The event based bid data is labeled temporary in the current model, but while it exists, it does not make sense to restrict it to some parties and not others.

Additionally any aggregate api the dsp/ssp system can access the publisher/publisher trusted agent should also be able to access.

It is not enough to consider parity in the long run, or publishers and publisher aid companies, as well as other players will be negatively impacted in the first version as well as placed at a significant disadvantage in preparation. The first version of fledge should have parity among players, and then fixed any trusted api issues at the same time for everyone.

What is important here is parity. This ensures no one party can use a loophole to expose a privacy weakness, or that only one party can monopolize a part of the data or system. Fledge should expose EVERY event seen by another party to a publisher or publisher trusted agent. A publisher trusted agent can be established using the delegation system described elsewhere in the Fledge proposal. This is essential for many small publishers that rely on non-dsp/ssp businesses for their ad maintenance and analytics, as well as those partners themselves.

michaelkleber commented 3 years ago

FLEDGE's on-device auction was designed around two types of parties: one seller who runs the auction, and any number of buyers who bid in it. As the explainer says, "Many parties might act as sellers: a site might run its own ad auction, or might include a third-party script to run the auction for it, or might use an SSP that combines running an on-device auction with other server-side ad auction activities." So I'm definitely not trying to say that the publisher must use an SSP; people who operate websites should have lots of freedom here.

But it sounds like you don't think that's enough, and that the auction needs some special third participant, an additional verifier agent to watch what the seller does? I don't fully understand how this verifier role would work today in a server-side auction — surely there is some party who receives all the bids and acts on them. What pieces of information are you trying to get another party to see?

(Your answer might be, as in your original issue, that "Fledge should expose EVERY event seen by another party to a publisher or publisher trusted agent." But the whose point of FLEDGE is that publisher is emphatically not supposed to know what interest groups their visitors are in! So I certainly can't interpret what you're asking for literally.)

TheMaskMaker commented 3 years ago

There is another party to consider: The Publisher Trusted Agent. Publisher Trusted Agents should have equal access to business necessary auction data even if an SSP is ultimately running the auction, as they do in a large part today.

Publishers may want to use 3p providers for use cases such as audit, attribution, revenue analytics, fraud detection, and ad content filtering.

These goals are (pre-fledge) achieved today through event level access of certain data. They need a way to exist in a fledge world. I’ll list key data points below. Under fledge this data is still being sent to "trusted servers" and could also be sent, without leaking the information to the client, by using the exact same "trusted server" paradigm for the 3p provider.

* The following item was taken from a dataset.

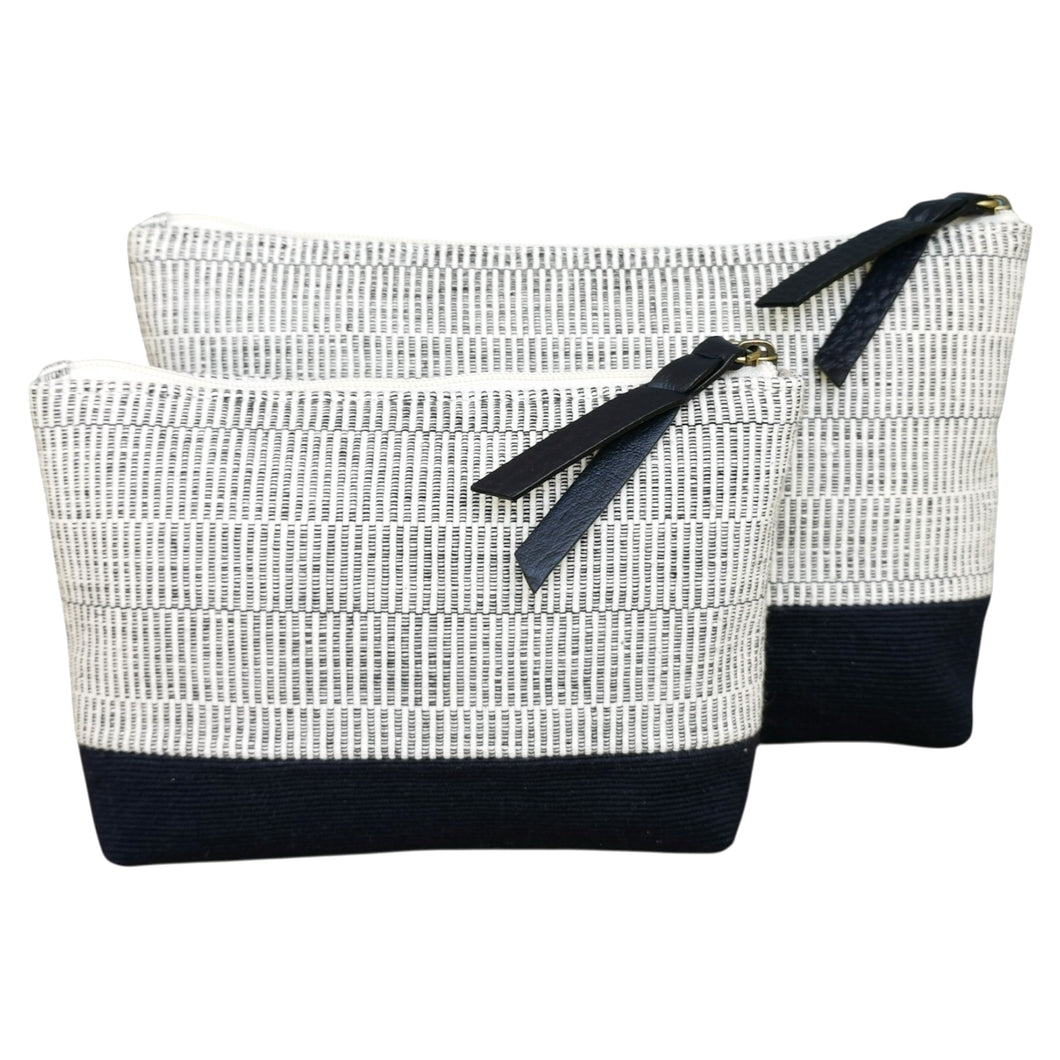 Accessory bags (White/Dark navy)(Set of 2)(L&S)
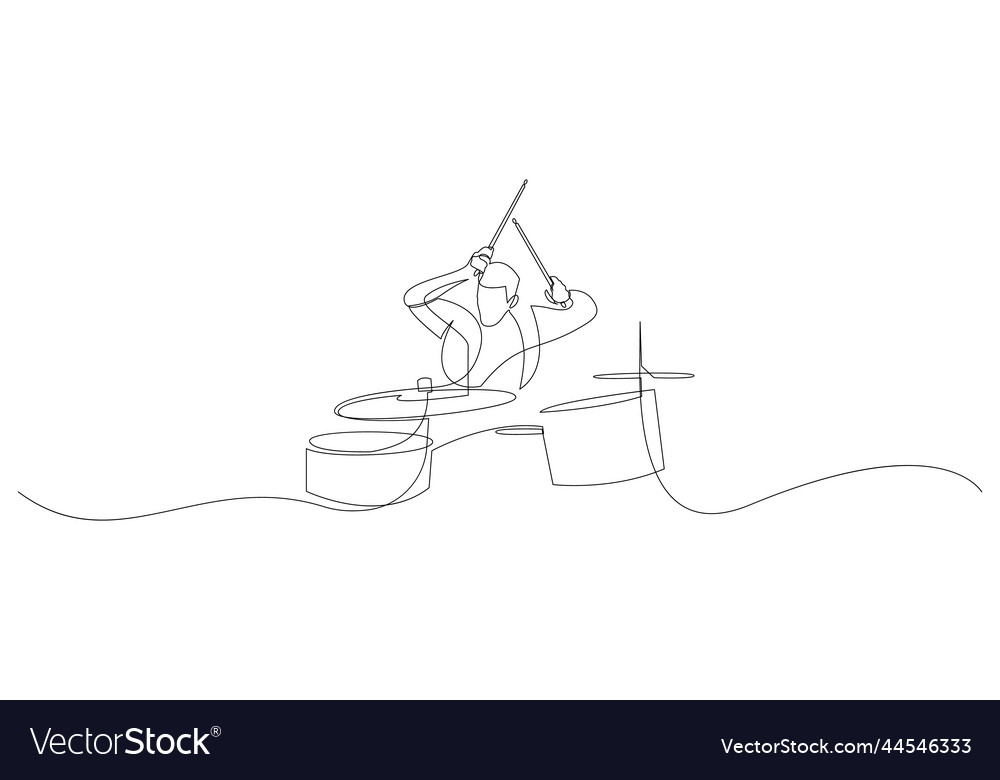 Continuous line drawing of a man playing drum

Data used by such companies for these purposes today include: Creative IDs CPM of the bids Advertiser Advertiser Domain Bidder Name SupplyChain

Can you confirm that a publisher will be able to specify a service as a trusted server agent as part of fledge? Will this trusted agent server receive the same auction data (some business critical examples listed above) as the other players in the Fledge ecosystem, including and especially a selling ssp?

michaelkleber commented 3 years ago

Perhaps there is some misunderstanding here. The data that you list is all stuff that becomes known to the party running the auction (the SSP or whoever else the publisher choses) — but that information only becomes known to the on-device worklet that runs the auction. It is not something that anyone gets to send to a server. I understand this is a change from today, but it's a change for all parties.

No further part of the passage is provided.